Robotics is believed as an impressive technology to increase productivity in the construction field. Relative research and applications in the construction industry have been available since the 1980s, and construction robots have made significant progress in automation for single tasks (e.g., welding, bricklaying, and painting) over the past four decades. However, researchers pay less attention to construction robots for lifting equipment and few to mobile crane robots. Rosenfeld et al. claimed that the automation of cranes would benefit the productivity of the industry in the early 1980s [7], however the absence of automated lifting equipment is still a shortcoming that hinders the efficiency and safety improvement of construction automation.

This research aims to develop a robotic truck crane system (RTCS) that provides traditional truck cranes with automatic operation abilities. The rest of this paper is structured as follows. First, the literature review is made in Sect. 2, and then the architecture of the proposed system is presented in Sect. 3. Further, the implementation of the system is described in Sect. 4. Additionally, an experiment was conducted, and its result is discussed in Sect. 5. Finally, this research is concluded in Sect. 6.

2 Literature Review

According to the Oxford dictionary definition, a robot is a machine capable of automatically carrying out a complex series of actions, especially one programmable by a computer. Correspondingly, robotic cranes should be capable of automatically taking actions involved in hoisting tasks, such as monitoring, path planning and execution. A more rigorous automation strategy for cranes should be founded on the comprehension of current research and practice based on the different LoA. Sheridan et al. classified the LoA into ten levels [8], from the extreme of completely manual to fully autonomy. To further investigate the LoA, Parasuraman et al. proposed that the automation can be further decomposed into four aspects: information acquisition, information analysis, decision and action [9]. Similarly, the automation for cranes can be investigated in the above aspects.

Among the relative researches, automated information acquisition represents the earliest endeavor of enhancing the LoA of cranes. For instance, Lee et al. utilized a wireless controller with a display linked to a tower crane camera to allow the operator to observe without being in the driver cab [10]. Another approach is to provide the operator with supplemental information about cranes. For example, Price et al. developed a crane monitoring system (CMS) to inform the operator of the crane load, rotation angle and lifting height [11]; Zhang et al. used ultra wideband (UWB) technology to visualize the position of the hook relative to the building [12]. In general, automation related to information acquisition has been well established and has considerable application in practice.

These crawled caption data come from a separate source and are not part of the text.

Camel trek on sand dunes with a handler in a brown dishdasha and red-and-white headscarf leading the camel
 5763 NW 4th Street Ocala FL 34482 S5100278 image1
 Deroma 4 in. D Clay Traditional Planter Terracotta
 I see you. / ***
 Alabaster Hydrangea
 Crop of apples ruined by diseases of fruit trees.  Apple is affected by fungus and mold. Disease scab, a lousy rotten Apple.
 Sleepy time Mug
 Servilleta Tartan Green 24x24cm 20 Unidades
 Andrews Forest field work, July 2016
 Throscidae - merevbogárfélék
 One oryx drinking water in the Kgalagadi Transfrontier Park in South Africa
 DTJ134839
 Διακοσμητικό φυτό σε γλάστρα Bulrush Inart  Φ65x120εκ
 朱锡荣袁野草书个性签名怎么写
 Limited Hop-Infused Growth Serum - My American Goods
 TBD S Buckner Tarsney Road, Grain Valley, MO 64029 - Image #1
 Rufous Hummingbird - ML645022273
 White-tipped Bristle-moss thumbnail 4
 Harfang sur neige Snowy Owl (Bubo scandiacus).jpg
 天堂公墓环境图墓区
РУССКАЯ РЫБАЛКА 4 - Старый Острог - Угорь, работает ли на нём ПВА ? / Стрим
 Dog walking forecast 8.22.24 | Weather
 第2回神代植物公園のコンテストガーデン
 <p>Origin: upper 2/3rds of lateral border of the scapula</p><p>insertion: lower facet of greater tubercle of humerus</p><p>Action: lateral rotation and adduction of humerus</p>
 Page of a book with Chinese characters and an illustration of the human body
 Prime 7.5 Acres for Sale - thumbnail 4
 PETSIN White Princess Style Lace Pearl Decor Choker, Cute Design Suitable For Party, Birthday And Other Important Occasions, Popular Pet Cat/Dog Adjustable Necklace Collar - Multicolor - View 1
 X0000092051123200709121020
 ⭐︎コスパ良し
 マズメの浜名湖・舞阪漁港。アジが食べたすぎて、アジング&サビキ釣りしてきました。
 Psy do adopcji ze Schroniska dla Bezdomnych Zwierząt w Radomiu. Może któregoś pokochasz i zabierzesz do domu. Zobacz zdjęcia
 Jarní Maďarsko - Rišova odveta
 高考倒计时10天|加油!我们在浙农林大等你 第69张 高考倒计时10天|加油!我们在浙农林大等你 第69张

Automated information analysis and decisions have recently been a focus of crane-related research. They are expected to lower the requirement of human experience, enhancing safety and productivity. Collision checking is a familiar form of automated information analysis based on predicting the movement of machinery. For instance, Tak et al. have developed a simulation system with spatio-temporal site analysis functions to predict potential conflicts [13]. Likewisely, Dutta et al. developed a decision support system (DSS) to stop the crane before a collision occurs [14]. Regarding automated decisions, lifting path planning represents the most advanced part of relative research. Many algorithms are designed and developed to support finding a feasible lifting path [1,2,3,4], but it is worth noting that most are only tested in simulated environments without being applied on a real crane.

While automation in the rest aspects is explored adequately, only a few studies have devoted to how to enhance the automation of action implementation of the crane, the lack of which has become a major barrier to developing robotic cranes. Among the limited relevant studies, most of them are also based on simulation environments, seldom involving real hardware. For example, Andonovski et al. developed an autonomic tower crane robot system with a simulated crane robot [16]. Another example is that Chen et al. used a 6-DOF robotic arm in a simulation environment to simulate the motion of a mobile crane [17]. The simulation systems in these studies generally do not concern the actual hardware of cranes. Therefore, the performance of the systems implied in this studies might decrease when they are applied to the real scenes.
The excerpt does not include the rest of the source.